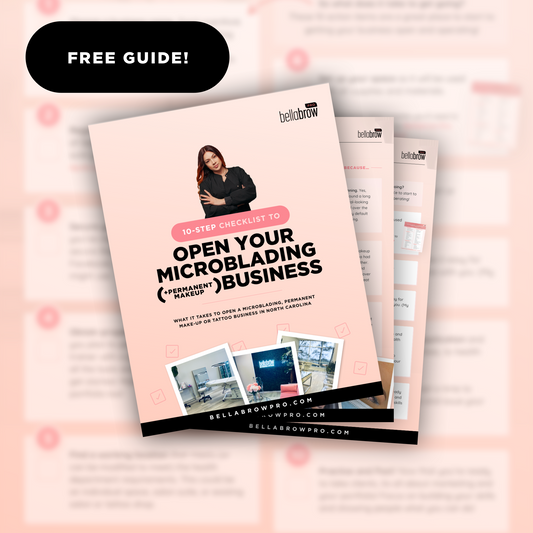 Open Your Microblading Business Checklist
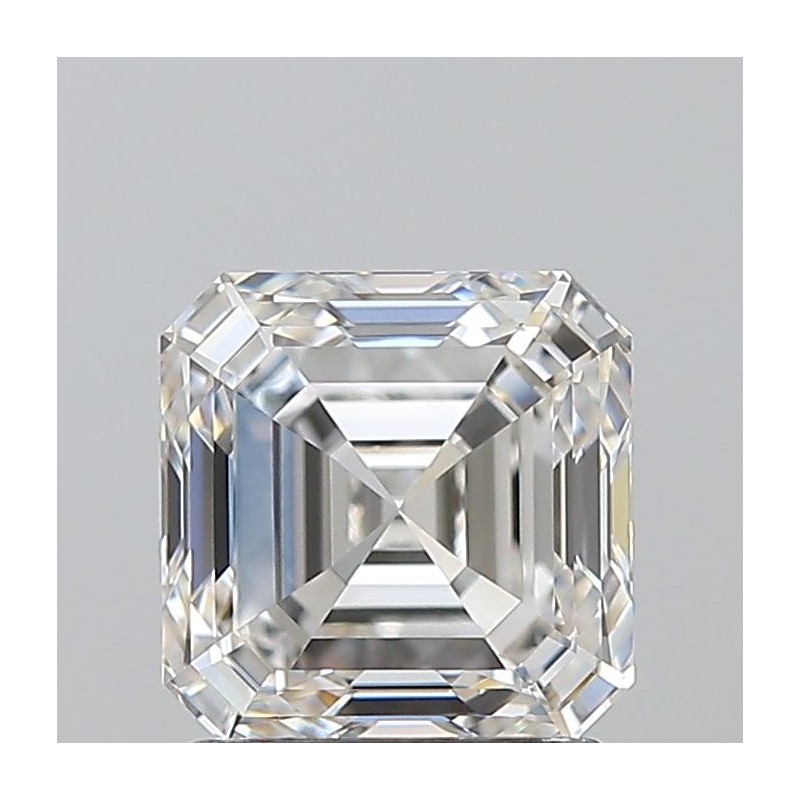 Diament szlif szmaragdowy kwadratowy, 1.7ct, VVS2, H, GIA 7511120714 Diament szlif szmaragdowy kwadratowy, 1.7ct, VVS2, H, GIA 7511120714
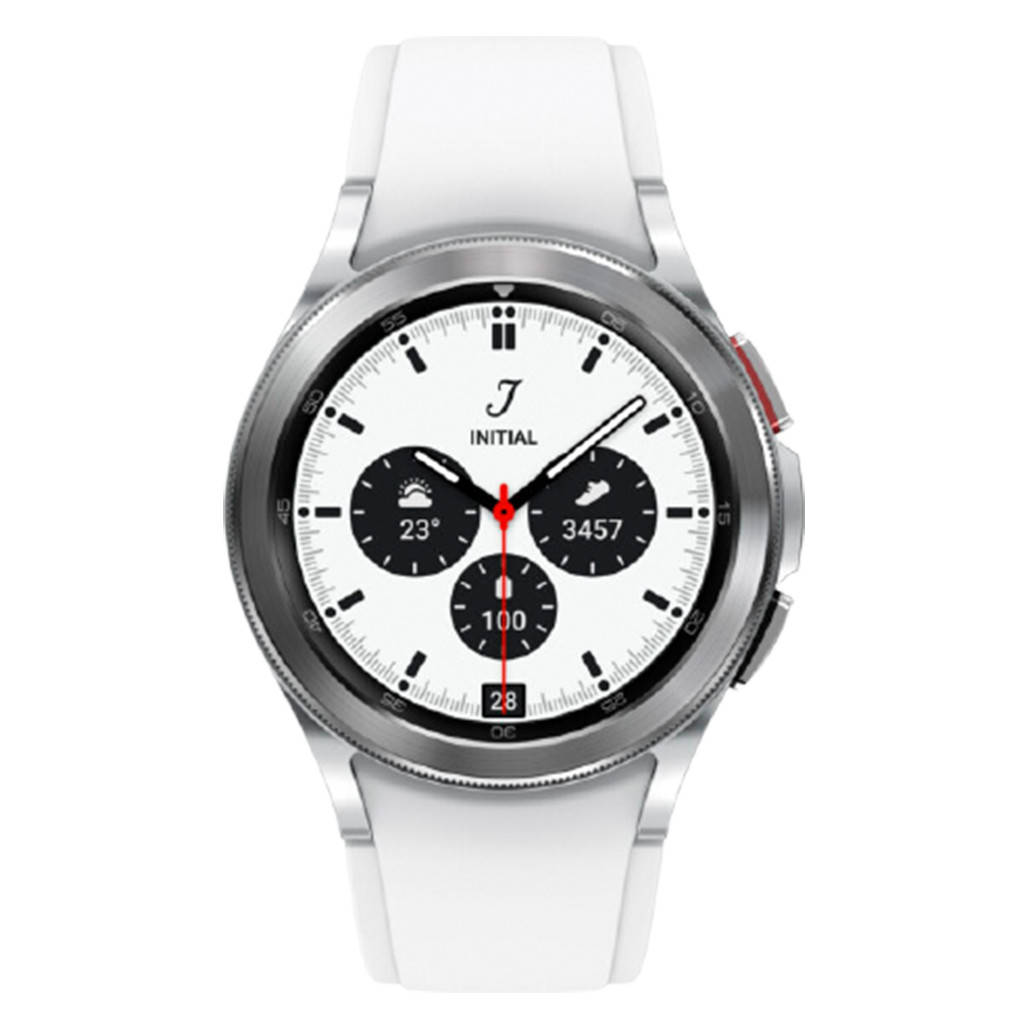 

Смарт-часы Samsung Galaxy Watch 4 Classic 42mm Silver (SM-R880NZSASEK) [61271]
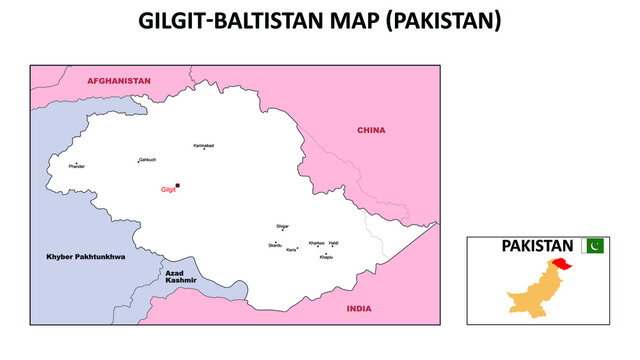 Political Map Of Gilgit Baltistan Gilgit-Baltistan Images – Browse 1,703 Stock Photos, Vectors, And Video |  Adobe Stock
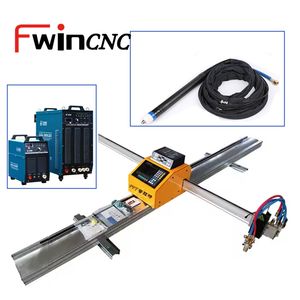 1325 Portable CNC Flame Oxy Fuel Plasma Cutting Machine Cutter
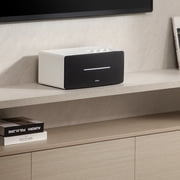 Edifier D12 Bluetooth Integrated Desktop Stereo Speaker 70 Watts (White)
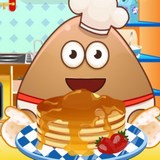 Игра Поу Готовит Блины Поу Готовит Блины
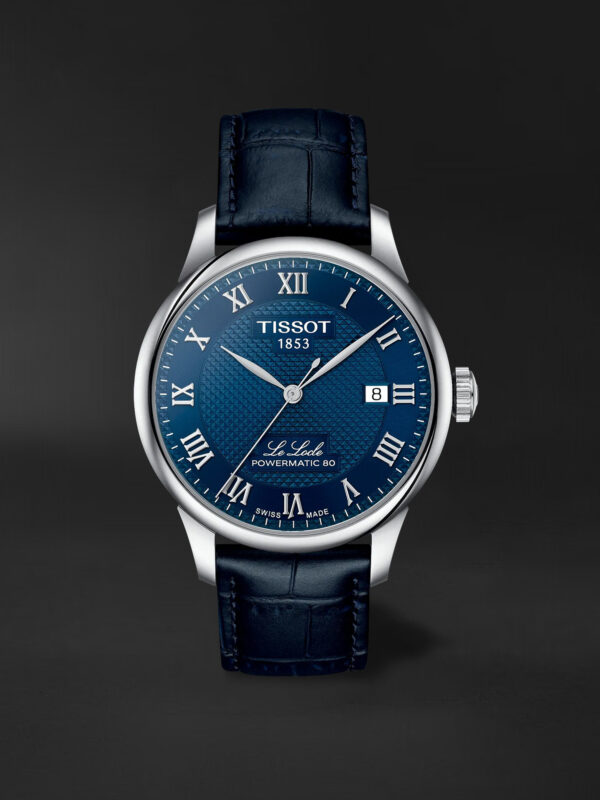 Tissot lelocle 39mm model t0064071604300 saat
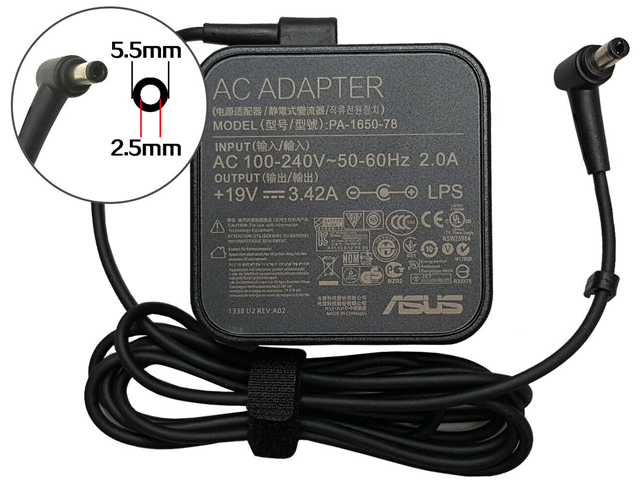 Asus X756UV-T7500 Power Supply Adapter Charger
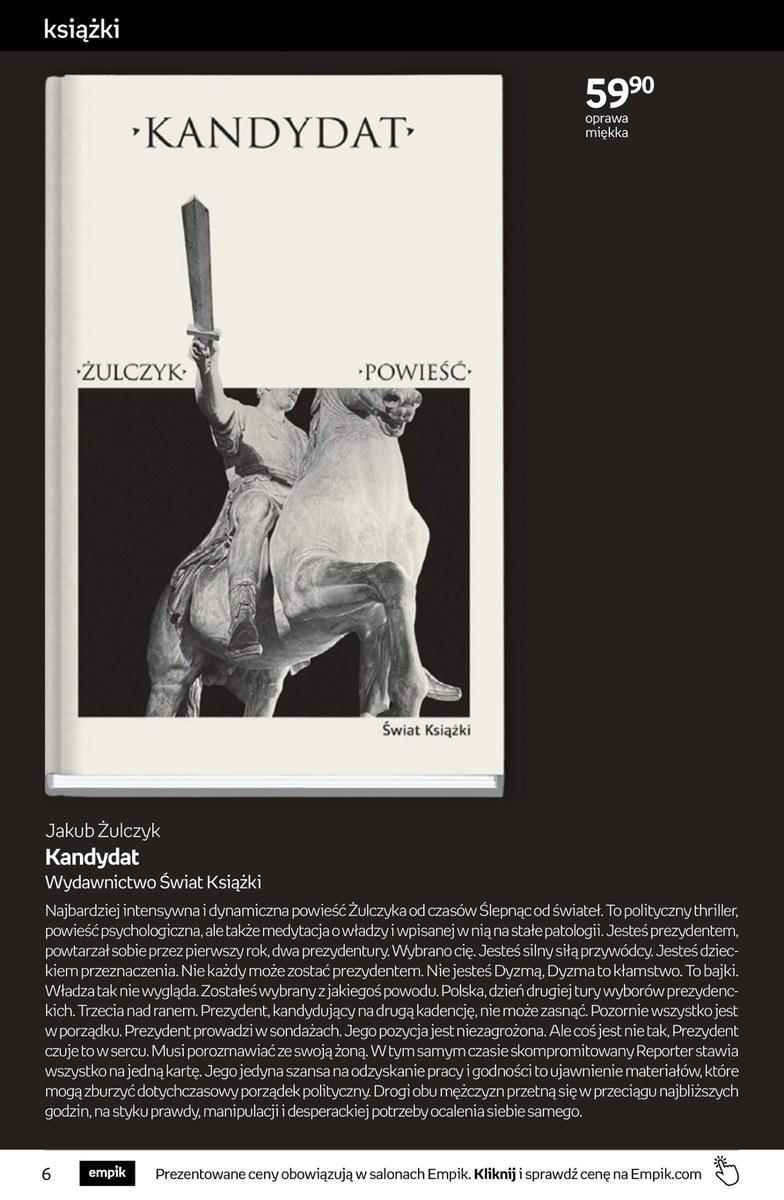 Gazetka promocyjna empik str. 6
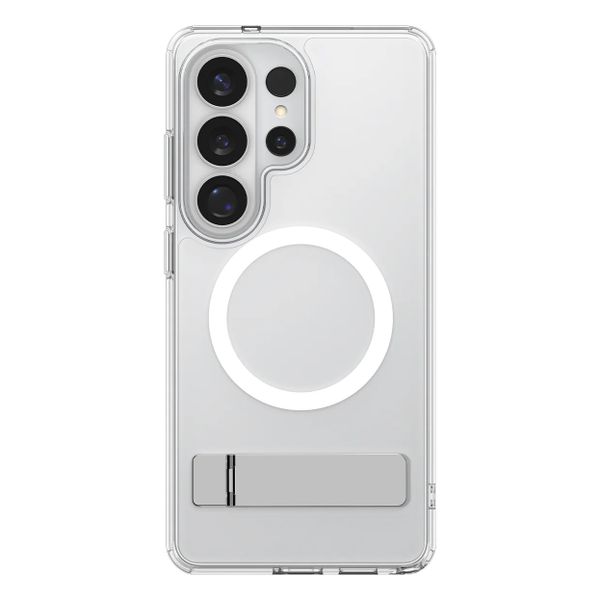Spigen Cover Ultra Hybrid S con MagSafe Samsung Galaxy S26 Ultra - Clear / White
○ ○ ○ ○ ○ ○ ○
• **GOAL OF THE EXERCISE**
No picture is to be included when the lines from the one containing "Смарт-часы Samsung Galaxy" through the end of the material above are output exactly; nothing else is written.

• **THE ANSWER**
Смарт-часы Samsung Galaxy Watch 4 Classic 42mm Silver (SM-R880NZSASEK) [61271]
 Political Map Of Gilgit Baltistan Gilgit-Baltistan Images – Browse 1,703 Stock Photos, Vectors, And Video |  Adobe Stock
 1325 Portable CNC Flame Oxy Fuel Plasma Cutting Machine Cutter
 Edifier D12 Bluetooth Integrated Desktop Stereo Speaker 70 Watts (White)
 Игра Поу Готовит Блины Поу Готовит Блины
 Tissot lelocle 39mm model t0064071604300 saat
 Asus X756UV-T7500 Power Supply Adapter Charger
 Gazetka promocyjna empik str. 6
Spigen Cover Ultra Hybrid S con MagSafe Samsung Galaxy S26 Ultra - Clear / White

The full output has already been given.